Und das – venöser Zugang und Intubation – waren die letzten beiden Schritte, um bezüglich der Steuerbarkeit und Kontrolle von Narkosen auf die gleiche Stufe wie bei Hund und Katze zu kommen. Über den Venenkatheter können Medikamente gegeben werden, die ohne Verzögerung wirken. Ebenso kann Flüssigkeit durch Infusion sehr schnell ersetzt werden.

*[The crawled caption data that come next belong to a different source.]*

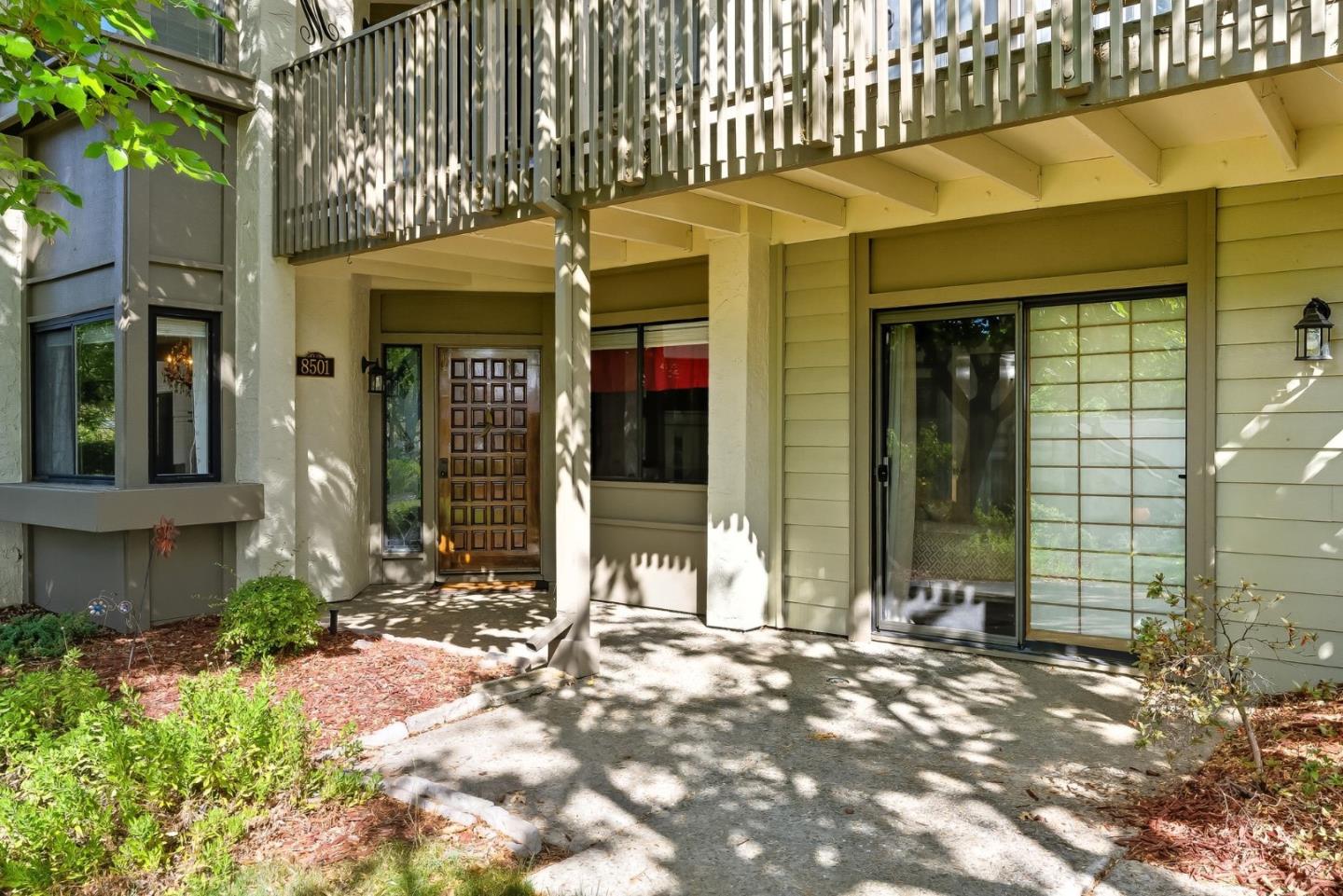 Front Image Thumbnail for ML82023727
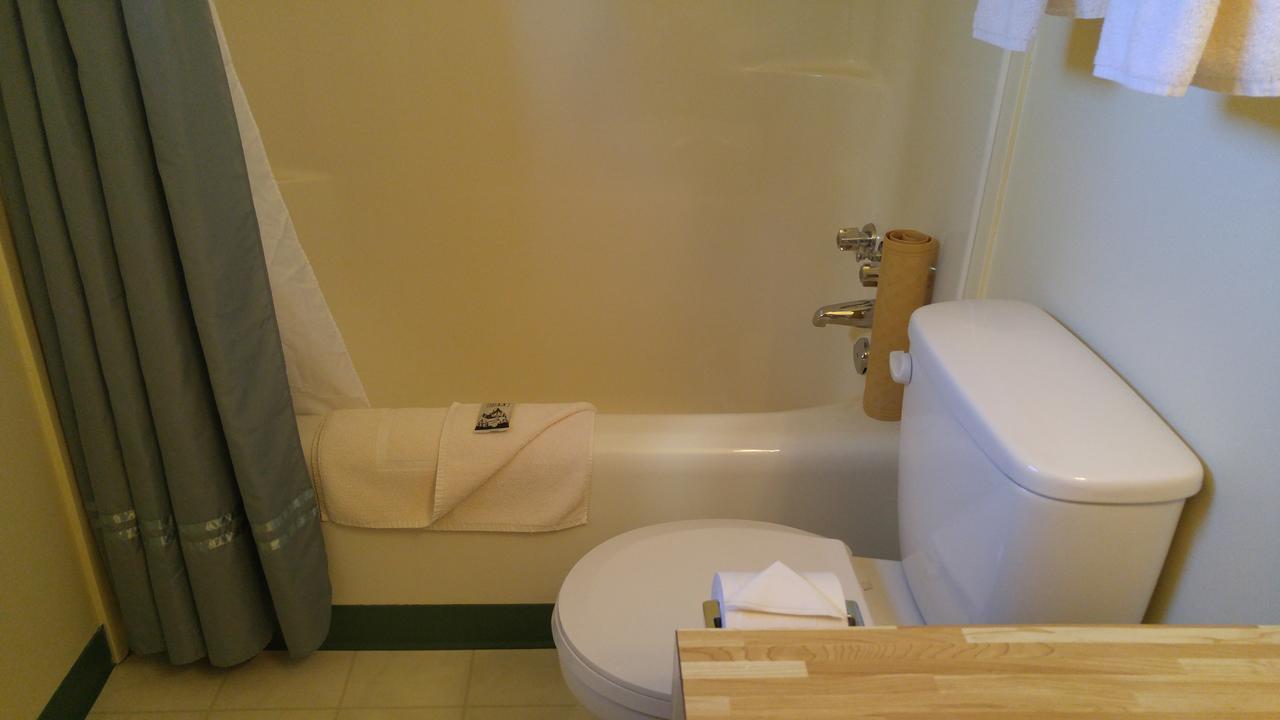Robber'S Roost Motel New Hazelton 외부 사진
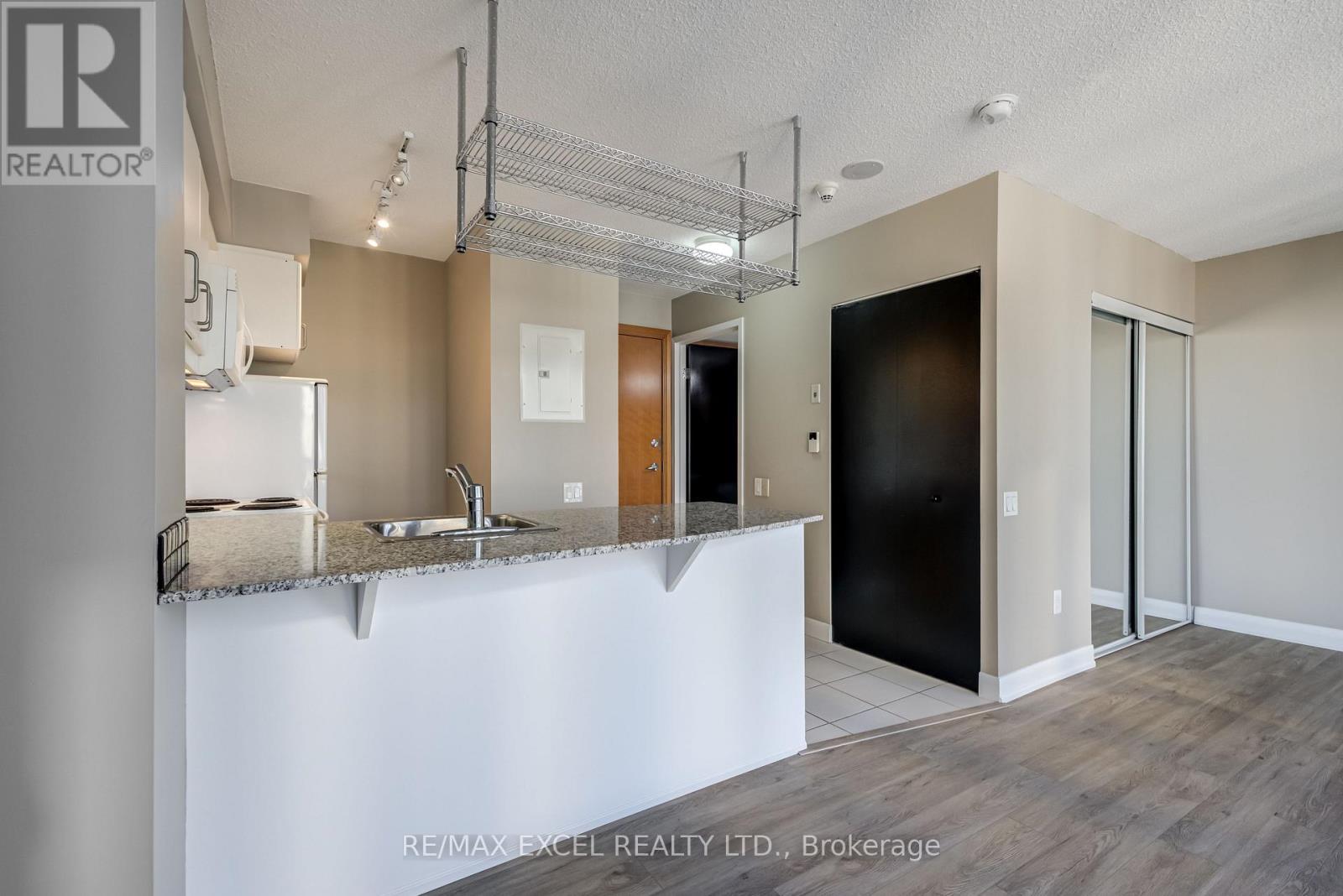 1909 - 33 Sheppard Avenue E, Toronto, Ontario  M2N 7K1 - Photo 21 - C13701446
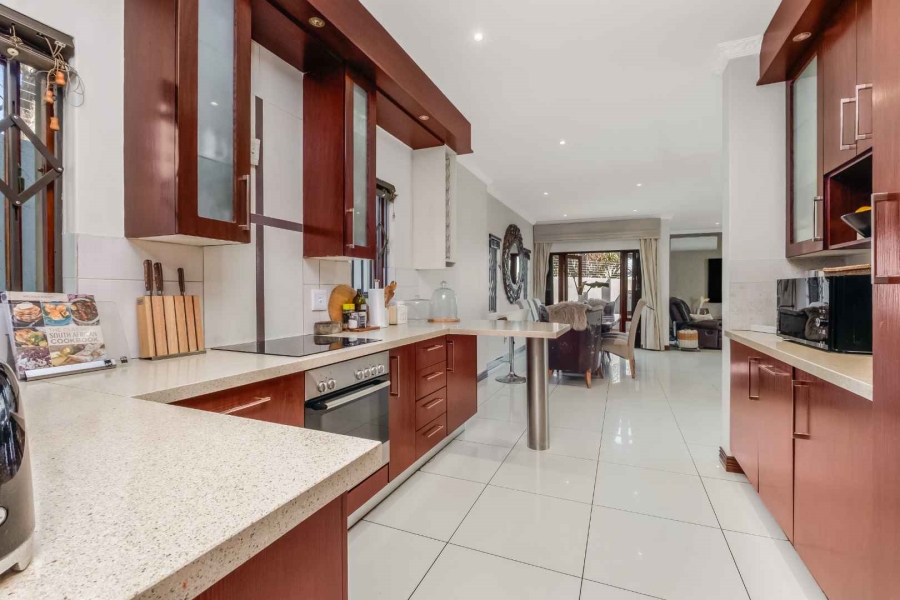 4 Bedroom Property for Sale in Broadacres Gauteng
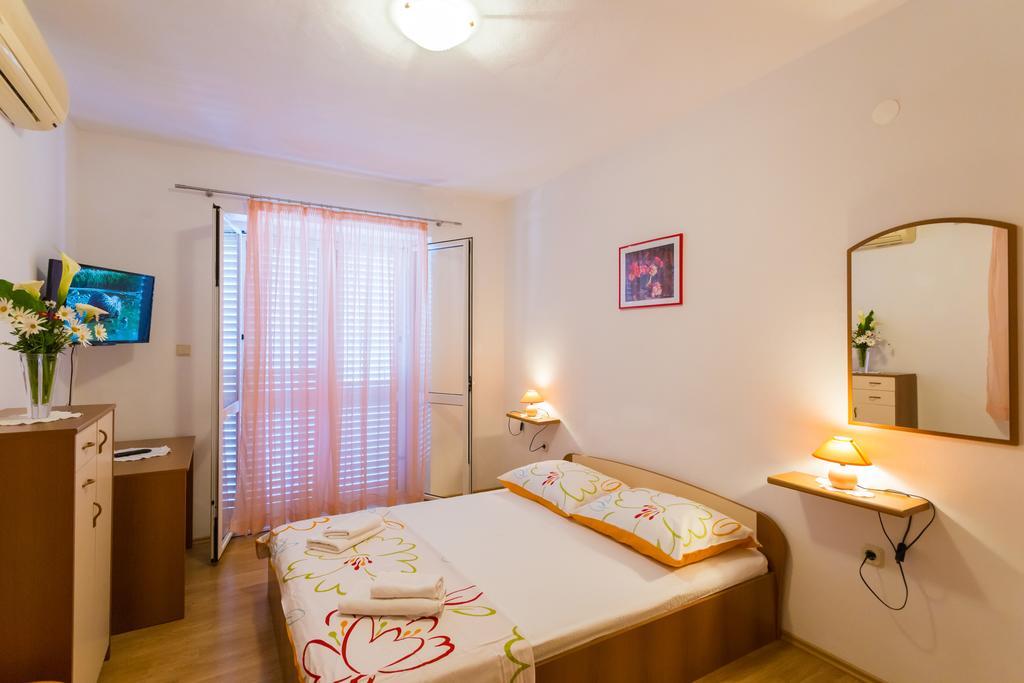 Apartments Slavica Помена Экстерьер фото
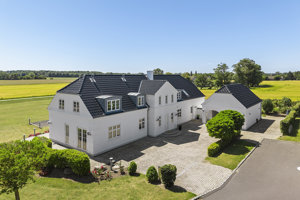 Ejendommen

Der Luftröhren-Tubus hält die Atemwege offen, ermöglicht uns eine mühelose Beatmung bei kurzfristigen Einschränkungen der Atemfunktion und sichert die korrekte Versorgung mit Narkosegas. Außerdem wird durch den Tubus eine zusätzliche Überwachungsmethode ermöglicht, die Kapnometrie. So kann man endlich vernünftig arbeiten!
Ein letzter Punkt: Eine Vollnarkose wird durch drei Punkte (Bewusstseinsverlust, Muskelentspannung und Schmerzfreiheit) gekennzeichnet. Nicht jedes Kaninchen, das betäubt wird, bekommt eine echte Vollnarkose. Die Tiere, bei denen zum Beispiel nur eine (nicht schmerzhafte) Zahnkorrektur vorgenommen werden soll, werden nur für relativ kurze Zeit in eine Art Dämmerschlaf versetzt. Dafür reicht eine angstlösende Beruhigungsspritze (Sedation) plus Narkosegas (Inhalationsnarkose). Es ist also weder das Legen eines Venenkatheters noch das Intubieren notwendig.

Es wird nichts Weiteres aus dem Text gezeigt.